Newguard rp 18 pre column

Plasma standards were prepared in microcentrifuge tubes by spiking 5 uL of Gemcitabine and dFdU into 190 uL of plasma containing 0.125 mg/mL THU. Floxuridine (10 μL) was added as an internal standard. Gemcitabine and dFdU were isolated by protein precipitation with the addition of 600 μL of acetonitrile.

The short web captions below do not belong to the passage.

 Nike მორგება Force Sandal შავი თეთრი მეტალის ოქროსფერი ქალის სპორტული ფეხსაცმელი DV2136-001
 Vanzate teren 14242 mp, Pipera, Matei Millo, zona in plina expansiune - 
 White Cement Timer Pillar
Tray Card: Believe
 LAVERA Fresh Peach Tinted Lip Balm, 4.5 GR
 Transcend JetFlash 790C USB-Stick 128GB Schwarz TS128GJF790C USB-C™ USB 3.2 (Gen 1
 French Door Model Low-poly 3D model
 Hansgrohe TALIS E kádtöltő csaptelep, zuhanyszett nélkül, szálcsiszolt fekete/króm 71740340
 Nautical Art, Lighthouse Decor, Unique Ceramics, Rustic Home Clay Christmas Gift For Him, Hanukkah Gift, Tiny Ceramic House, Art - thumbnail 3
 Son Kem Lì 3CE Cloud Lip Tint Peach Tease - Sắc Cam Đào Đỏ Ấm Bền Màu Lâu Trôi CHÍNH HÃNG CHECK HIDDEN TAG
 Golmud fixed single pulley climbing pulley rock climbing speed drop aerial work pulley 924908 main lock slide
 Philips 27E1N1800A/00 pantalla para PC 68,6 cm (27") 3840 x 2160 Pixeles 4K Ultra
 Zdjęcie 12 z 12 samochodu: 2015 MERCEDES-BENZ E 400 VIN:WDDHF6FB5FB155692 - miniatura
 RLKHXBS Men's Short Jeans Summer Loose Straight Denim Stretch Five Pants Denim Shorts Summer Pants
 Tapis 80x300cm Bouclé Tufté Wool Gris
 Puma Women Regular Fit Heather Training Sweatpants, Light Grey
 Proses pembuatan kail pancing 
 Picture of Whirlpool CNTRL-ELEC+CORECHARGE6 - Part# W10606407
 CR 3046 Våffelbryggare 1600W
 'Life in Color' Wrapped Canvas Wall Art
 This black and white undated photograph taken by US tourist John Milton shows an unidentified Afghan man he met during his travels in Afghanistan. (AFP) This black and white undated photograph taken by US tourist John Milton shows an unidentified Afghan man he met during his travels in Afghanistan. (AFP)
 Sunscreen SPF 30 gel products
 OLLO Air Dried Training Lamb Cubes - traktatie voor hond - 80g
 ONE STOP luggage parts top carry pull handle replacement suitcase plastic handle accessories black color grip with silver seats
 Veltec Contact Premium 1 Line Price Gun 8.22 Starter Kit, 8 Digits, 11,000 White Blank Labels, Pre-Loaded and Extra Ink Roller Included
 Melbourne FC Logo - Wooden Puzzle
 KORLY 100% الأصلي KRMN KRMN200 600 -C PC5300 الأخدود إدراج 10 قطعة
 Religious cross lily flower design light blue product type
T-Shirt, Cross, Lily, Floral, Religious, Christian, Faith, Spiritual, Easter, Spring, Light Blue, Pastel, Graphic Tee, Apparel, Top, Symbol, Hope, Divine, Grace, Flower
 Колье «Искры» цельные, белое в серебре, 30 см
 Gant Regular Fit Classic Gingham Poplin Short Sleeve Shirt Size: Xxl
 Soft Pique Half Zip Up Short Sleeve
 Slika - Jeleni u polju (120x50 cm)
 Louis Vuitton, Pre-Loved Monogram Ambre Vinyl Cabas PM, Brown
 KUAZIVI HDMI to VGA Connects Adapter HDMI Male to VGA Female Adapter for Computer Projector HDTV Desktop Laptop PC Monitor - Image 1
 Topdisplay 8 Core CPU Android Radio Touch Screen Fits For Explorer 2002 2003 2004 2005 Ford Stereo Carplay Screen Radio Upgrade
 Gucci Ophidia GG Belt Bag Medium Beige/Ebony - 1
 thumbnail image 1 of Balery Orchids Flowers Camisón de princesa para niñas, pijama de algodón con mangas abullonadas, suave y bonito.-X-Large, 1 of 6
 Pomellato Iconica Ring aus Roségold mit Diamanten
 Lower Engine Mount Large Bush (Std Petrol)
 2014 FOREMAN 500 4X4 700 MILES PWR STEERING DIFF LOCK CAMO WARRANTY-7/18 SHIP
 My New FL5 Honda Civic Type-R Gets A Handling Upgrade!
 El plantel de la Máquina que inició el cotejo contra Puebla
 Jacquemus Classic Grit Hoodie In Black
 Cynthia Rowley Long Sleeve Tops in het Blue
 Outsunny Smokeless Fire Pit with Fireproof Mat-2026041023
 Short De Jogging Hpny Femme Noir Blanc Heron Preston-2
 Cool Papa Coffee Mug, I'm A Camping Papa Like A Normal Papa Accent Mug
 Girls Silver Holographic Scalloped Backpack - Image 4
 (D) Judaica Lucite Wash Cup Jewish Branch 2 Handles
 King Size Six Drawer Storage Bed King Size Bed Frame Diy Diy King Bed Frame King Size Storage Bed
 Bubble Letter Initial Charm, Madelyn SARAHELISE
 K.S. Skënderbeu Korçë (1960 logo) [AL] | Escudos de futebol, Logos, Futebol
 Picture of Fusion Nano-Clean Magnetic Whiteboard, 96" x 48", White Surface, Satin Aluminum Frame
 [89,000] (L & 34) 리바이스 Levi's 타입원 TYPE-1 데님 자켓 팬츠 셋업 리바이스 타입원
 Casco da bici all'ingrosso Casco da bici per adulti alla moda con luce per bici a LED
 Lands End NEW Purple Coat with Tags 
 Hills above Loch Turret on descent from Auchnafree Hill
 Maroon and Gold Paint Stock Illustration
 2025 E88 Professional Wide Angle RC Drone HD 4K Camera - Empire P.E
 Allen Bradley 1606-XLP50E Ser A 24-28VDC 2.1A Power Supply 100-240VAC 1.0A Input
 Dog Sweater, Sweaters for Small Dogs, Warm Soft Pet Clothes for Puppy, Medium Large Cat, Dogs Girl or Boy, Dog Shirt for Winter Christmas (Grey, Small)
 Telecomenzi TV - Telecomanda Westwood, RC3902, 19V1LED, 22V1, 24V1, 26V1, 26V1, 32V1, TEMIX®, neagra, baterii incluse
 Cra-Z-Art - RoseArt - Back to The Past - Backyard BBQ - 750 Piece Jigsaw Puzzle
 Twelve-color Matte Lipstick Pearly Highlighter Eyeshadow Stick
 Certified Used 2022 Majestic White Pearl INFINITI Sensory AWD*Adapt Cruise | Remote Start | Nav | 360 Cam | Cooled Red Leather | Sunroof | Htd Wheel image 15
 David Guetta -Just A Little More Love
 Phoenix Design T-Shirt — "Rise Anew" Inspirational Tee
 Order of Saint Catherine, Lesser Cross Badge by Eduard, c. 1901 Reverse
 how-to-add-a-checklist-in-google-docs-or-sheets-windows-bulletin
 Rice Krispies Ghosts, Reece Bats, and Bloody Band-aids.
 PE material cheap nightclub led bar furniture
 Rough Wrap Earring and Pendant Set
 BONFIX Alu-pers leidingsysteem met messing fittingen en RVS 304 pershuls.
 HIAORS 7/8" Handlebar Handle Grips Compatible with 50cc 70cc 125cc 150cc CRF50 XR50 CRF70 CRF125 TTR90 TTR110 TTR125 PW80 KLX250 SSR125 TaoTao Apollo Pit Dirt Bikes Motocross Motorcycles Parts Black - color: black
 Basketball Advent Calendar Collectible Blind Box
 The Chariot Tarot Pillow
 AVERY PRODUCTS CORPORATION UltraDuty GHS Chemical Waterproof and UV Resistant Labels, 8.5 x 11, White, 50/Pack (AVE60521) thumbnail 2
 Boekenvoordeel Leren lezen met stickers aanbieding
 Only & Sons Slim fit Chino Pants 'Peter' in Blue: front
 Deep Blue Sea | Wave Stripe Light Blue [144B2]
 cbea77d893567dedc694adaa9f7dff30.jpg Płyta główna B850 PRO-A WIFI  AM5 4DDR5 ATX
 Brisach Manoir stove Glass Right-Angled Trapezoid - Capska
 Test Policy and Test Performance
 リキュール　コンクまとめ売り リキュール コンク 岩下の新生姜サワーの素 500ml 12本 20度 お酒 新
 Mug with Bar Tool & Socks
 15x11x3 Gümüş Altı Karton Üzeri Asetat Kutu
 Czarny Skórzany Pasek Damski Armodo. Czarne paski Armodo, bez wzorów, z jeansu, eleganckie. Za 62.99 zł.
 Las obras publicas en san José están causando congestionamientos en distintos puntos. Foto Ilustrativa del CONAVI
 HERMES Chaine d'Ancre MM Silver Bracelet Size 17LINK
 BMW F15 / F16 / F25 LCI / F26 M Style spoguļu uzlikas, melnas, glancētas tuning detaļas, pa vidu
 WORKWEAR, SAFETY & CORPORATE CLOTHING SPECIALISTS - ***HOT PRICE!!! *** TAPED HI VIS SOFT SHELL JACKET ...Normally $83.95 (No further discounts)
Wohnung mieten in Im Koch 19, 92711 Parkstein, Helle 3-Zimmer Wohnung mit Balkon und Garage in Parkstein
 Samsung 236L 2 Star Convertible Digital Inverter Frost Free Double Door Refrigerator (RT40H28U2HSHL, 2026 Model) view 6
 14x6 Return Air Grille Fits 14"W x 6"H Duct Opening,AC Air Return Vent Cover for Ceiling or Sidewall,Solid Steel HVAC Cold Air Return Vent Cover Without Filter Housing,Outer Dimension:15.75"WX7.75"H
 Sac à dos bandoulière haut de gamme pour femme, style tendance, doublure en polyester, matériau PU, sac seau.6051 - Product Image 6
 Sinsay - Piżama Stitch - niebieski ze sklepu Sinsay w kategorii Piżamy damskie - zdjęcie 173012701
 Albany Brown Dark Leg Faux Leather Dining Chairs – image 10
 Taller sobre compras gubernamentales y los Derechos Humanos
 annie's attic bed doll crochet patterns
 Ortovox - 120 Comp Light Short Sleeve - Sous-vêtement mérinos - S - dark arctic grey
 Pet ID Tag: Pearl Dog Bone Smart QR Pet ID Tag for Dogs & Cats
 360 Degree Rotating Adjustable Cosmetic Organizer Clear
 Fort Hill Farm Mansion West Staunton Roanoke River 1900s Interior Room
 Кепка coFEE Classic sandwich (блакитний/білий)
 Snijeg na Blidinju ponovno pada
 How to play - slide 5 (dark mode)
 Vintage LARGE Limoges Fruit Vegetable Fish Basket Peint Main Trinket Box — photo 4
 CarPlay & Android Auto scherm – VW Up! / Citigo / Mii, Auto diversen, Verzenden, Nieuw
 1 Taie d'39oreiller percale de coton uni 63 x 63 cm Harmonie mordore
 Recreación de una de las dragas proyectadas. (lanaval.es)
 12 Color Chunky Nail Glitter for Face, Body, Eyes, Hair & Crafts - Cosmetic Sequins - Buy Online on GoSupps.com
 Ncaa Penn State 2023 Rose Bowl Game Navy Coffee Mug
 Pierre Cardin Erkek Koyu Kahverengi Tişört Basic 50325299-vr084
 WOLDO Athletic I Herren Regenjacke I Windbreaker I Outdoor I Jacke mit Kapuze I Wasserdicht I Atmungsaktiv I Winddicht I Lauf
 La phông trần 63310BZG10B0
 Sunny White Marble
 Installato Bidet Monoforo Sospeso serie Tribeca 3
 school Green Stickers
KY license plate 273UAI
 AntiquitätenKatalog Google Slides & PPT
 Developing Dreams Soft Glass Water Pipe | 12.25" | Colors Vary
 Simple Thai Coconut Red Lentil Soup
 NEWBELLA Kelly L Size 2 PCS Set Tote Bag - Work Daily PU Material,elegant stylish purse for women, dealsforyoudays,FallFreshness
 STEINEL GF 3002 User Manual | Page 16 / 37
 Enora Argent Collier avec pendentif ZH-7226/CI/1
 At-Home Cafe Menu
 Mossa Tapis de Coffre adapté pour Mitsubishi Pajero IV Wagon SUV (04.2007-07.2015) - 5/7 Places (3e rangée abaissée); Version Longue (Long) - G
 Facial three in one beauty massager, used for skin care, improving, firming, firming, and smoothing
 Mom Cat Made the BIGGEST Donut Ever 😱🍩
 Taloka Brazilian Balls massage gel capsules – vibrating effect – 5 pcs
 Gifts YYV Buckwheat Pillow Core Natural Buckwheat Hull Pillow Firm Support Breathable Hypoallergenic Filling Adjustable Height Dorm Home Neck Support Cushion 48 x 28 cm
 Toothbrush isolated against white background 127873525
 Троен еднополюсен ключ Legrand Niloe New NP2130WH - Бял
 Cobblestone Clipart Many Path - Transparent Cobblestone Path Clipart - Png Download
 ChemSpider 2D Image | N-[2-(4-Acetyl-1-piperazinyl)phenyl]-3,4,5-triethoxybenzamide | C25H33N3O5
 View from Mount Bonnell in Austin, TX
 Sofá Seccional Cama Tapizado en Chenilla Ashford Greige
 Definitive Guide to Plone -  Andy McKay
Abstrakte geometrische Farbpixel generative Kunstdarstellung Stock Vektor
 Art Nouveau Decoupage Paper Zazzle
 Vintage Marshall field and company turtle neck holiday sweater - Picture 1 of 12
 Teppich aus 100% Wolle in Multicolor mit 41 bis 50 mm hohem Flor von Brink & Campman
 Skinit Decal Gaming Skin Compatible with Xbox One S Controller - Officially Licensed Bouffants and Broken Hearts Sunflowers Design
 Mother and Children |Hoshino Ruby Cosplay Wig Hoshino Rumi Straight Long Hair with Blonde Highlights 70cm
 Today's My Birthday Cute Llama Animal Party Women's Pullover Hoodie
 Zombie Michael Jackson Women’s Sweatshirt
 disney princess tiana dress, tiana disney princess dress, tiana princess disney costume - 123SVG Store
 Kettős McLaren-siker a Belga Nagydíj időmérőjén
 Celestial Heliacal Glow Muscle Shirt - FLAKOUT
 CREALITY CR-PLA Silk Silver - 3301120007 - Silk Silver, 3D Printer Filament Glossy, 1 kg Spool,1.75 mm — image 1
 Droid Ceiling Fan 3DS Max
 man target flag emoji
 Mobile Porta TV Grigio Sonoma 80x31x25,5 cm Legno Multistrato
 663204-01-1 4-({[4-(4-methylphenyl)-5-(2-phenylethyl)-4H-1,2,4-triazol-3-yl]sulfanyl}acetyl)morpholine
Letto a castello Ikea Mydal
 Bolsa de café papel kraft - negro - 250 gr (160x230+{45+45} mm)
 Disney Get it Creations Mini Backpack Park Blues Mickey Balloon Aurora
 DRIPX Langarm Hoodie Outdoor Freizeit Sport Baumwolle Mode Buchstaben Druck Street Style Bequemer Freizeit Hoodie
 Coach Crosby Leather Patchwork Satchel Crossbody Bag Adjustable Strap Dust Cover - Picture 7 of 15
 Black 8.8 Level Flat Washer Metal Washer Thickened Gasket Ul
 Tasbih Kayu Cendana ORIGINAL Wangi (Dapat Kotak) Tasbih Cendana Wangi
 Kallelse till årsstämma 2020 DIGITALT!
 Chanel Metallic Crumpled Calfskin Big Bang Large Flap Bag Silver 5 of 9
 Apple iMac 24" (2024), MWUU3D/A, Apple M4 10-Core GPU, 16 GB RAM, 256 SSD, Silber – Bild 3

Analyte extraction was carried out via protein precipitation with the addition of 600 uL of acetonitrile. The samples were centrifuged for 5 minutes at 14000 RPM at 25°C. The supernatant was collected, dried under nitrogen, reconstituted with 200 uL of water and vortex mixed. Gemcitabine and dFdU extracted from plasma were quantified by reverse-phase HPLC with UV absorbance detection on a Shimadzu 10 series HPLC system. Separation of gemcitabine, dFdU and the internal standard floxuridine was achieved on an Atlantis T3 C18 column (Waters, 100 mm × 2.1 mm i.d., 5 μm particle diameter) fitted with a Brownlee NewGuard RP-18 pre-column (Chrom Tech, 15 mm × 3.2 mm i.d., 7 μm particle diameter). The mobile phase consisted of 10 mM potassium phosphate, pH 3.0 and methanol. The run was a gradient run starting out with 100% aqueous for 6 minutes, decreasing to 95% aqueous in 7 minutes and holding at 95% aqueous for 4 minutes followed by a high organic wash. The flow rate, the injection volume and detection wavelength were 0.4 ml/min, 20 μL and 272 nm, respectively.